Buckling restrained knee braced truss moment frame (BRKBTMF) is a novel steel structural system which combines steel trusses with buckling restrained braces (BRBs) to form an alternative seismic force resisting system. The combination of the steel trusses and the BRBs allows the BRKBTMF to have large interior opening without the need to provide ductile detailing for the steel trusses. This makes the design very efficient and economical. More importantly, through the use of BRBs as the designated energy dissipation devices, the damage is controlled within the BRBs, which can be replaced easily after the earthquake. This will drastically reduce the structural damage, repair cost and repair time which makes this structure more efficient and resilient towards future earthquakes.

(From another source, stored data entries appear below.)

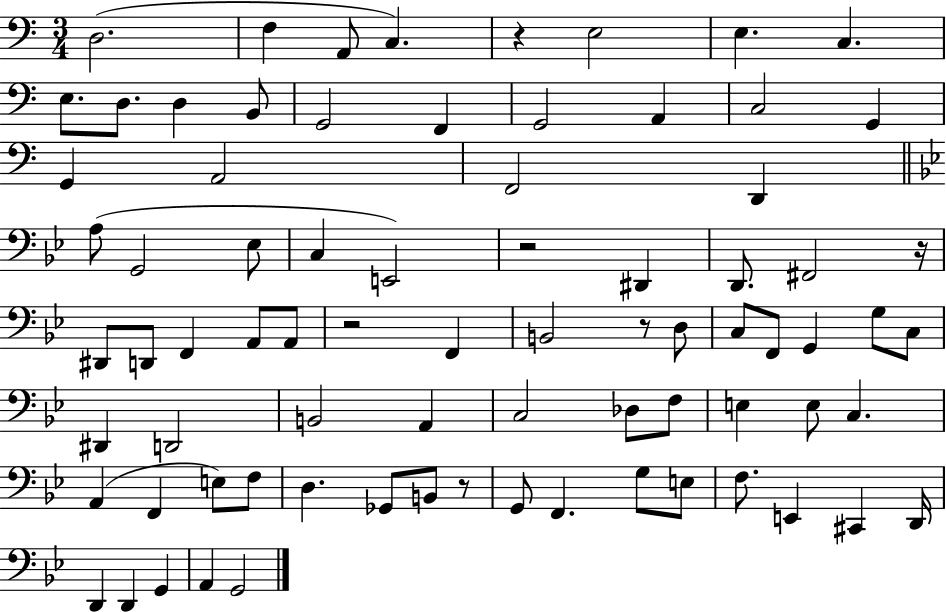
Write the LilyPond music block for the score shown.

{
  \clef bass
  \numericTimeSignature
  \time 3/4
  \key c \major
  d2.( | f4 a,8 c4.) | r4 e2 | e4. c4. | \break e8. d8. d4 b,8 | g,2 f,4 | g,2 a,4 | c2 g,4 | \break g,4 a,2 | f,2 d,4 | \bar "||" \break \key bes \major a8( g,2 ees8 | c4 e,2) | r2 dis,4 | d,8. fis,2 r16 | \break dis,8 d,8 f,4 a,8 a,8 | r2 f,4 | b,2 r8 d8 | c8 f,8 g,4 g8 c8 | \break dis,4 d,2 | b,2 a,4 | c2 des8 f8 | e4 e8 c4. | \break a,4( f,4 e8) f8 | d4. ges,8 b,8 r8 | g,8 f,4. g8 e8 | f8. e,4 cis,4 d,16 | \break d,4 d,4 g,4 | a,4 g,2 | \bar "|."
}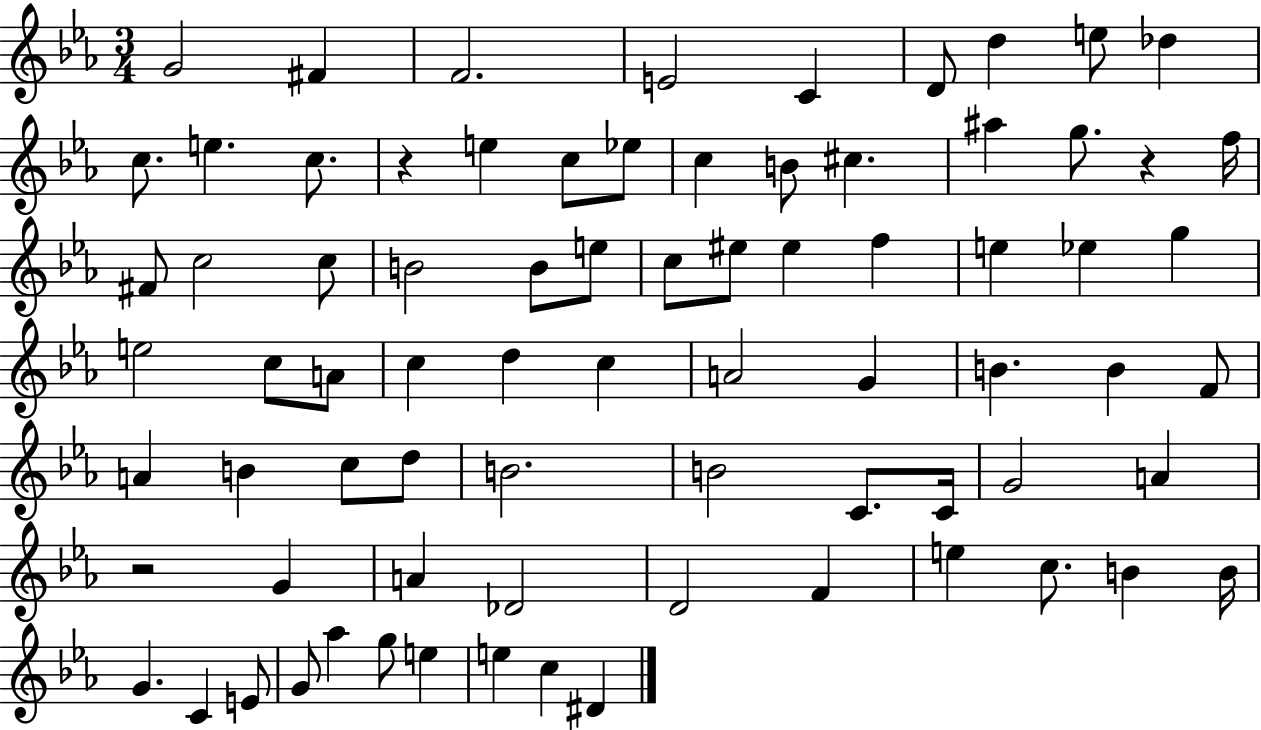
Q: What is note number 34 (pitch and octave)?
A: G5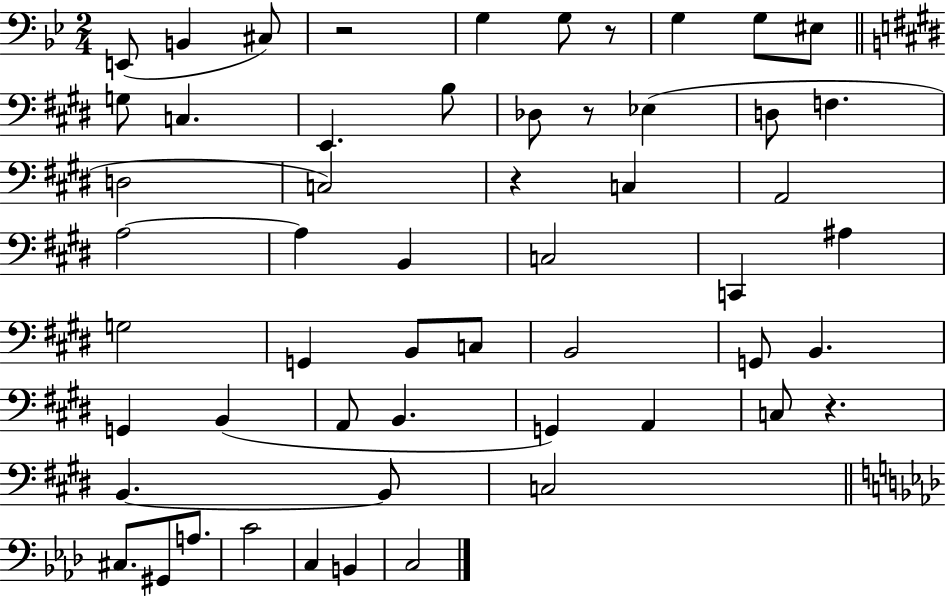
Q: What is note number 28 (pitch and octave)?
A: G2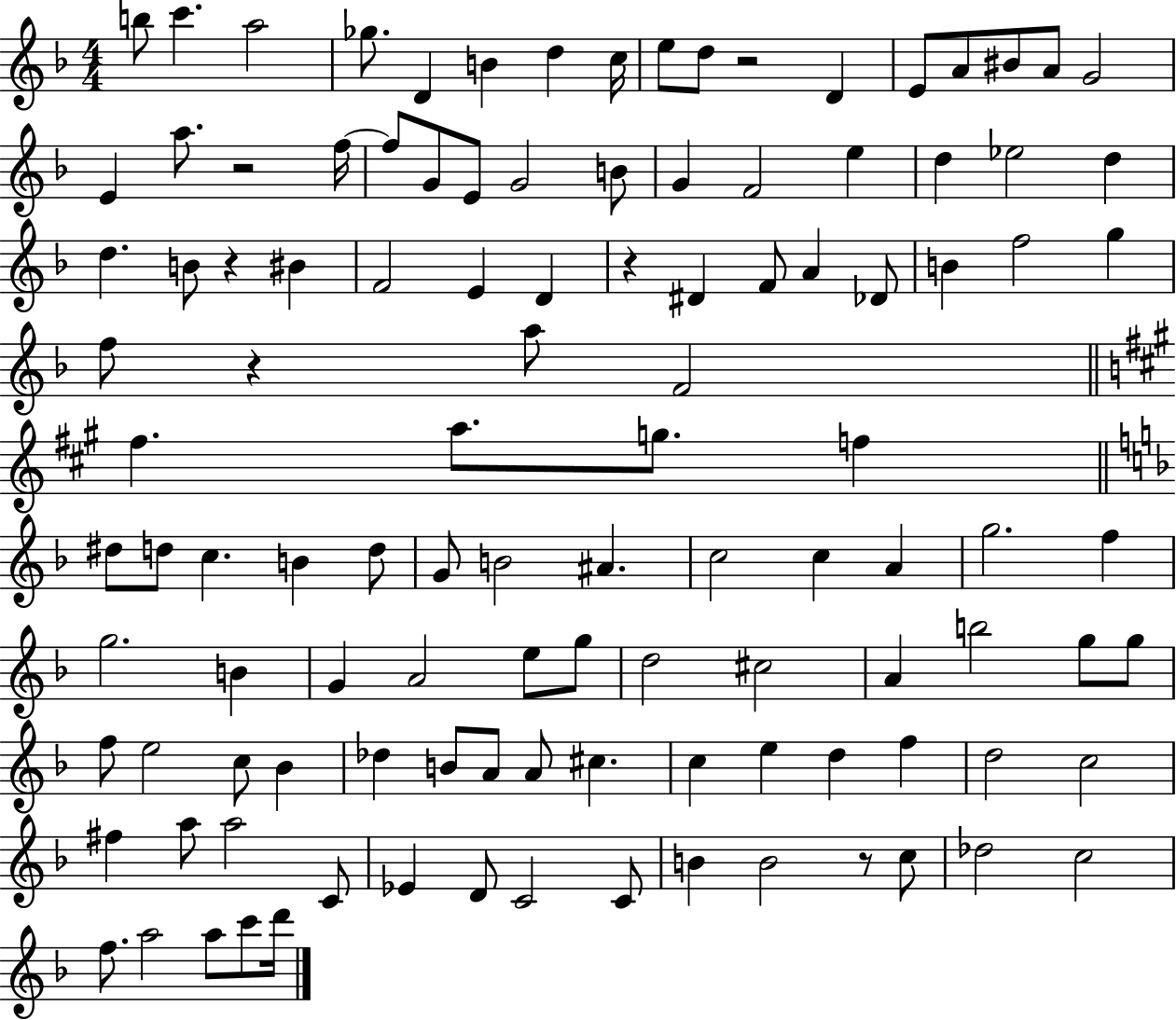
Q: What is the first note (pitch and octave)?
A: B5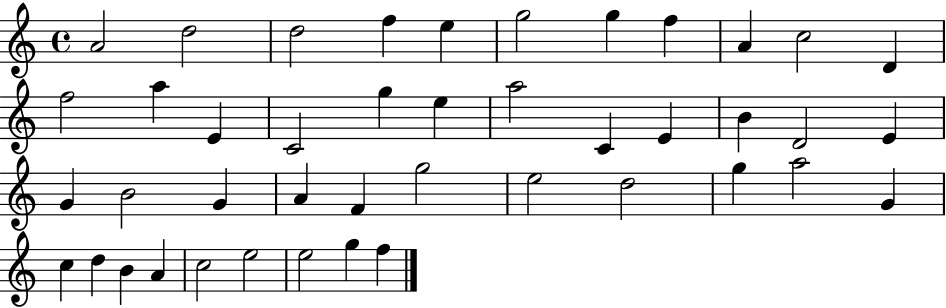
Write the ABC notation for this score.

X:1
T:Untitled
M:4/4
L:1/4
K:C
A2 d2 d2 f e g2 g f A c2 D f2 a E C2 g e a2 C E B D2 E G B2 G A F g2 e2 d2 g a2 G c d B A c2 e2 e2 g f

Figure 1: Plan and elevation view of BRKBTMF
BRB Angle Study:
In this study, a modification of the performance-based plastic design (PBPD) procedure was derived to design the member sizes of the BRKBTMF. Parameter study was conducted, by varying the inclination of BRBs, to optimize the initial construction cost and expected financial loss during the maximum credible earthquake shaking. A prototype 4-story office building located in Berkeley, California, Unite States, was selected for this study. State-of-the-art site-specific hazard analysis, finite element models, damaged fragility models were used to evaluate the seismic performance of the BRKBTMF with different BRB inclinations. The result shows excellent seismic performance in the proposed BRKBTMF, where the structure is able to satisfy both the drift and force limits. The parameter study shows the design forces in the steel trusses are not affected by the inclination of the BRB. On the other hand, the design forces in the BRBs and columns increase as the inclination of the BRB becomes more horizontal. This results to larger column sizes, hence higher initial construction costs. The cost of the BRB is not significantly affected by the inclination of the BRB. This is because as the BRB inclination becomes more horizontal, the cross sectional area of the BRB increases, but the length of the BRB decreases. The results of the nonlinear dynamic analysis show the peak dynamic responses (peak inter-story drift and floor acceleration) of the BRKBTMF is very similar among the different BRB inclinations. This shows the proposed PBPD design methodology is very effective in designing the BRKBTMF. The detailed parameter study also shows that the BRB strain is the lowest when the BRB inclination is around 30 or 90 degree. As the BRB inclination gets closer to 60 degree (using the geometry presented in this study), at the same inter-story drift demand, the axial strain demand in the BRB is the highest. This results to high degree of damage to the BRBs, which translates to the highest degree of structural damages and financial losses during the maximum credible earthquake shaking. Hence, it is recommended that optimal choices of BRB inclination are either horizontal or connecting directly to the end of the columns.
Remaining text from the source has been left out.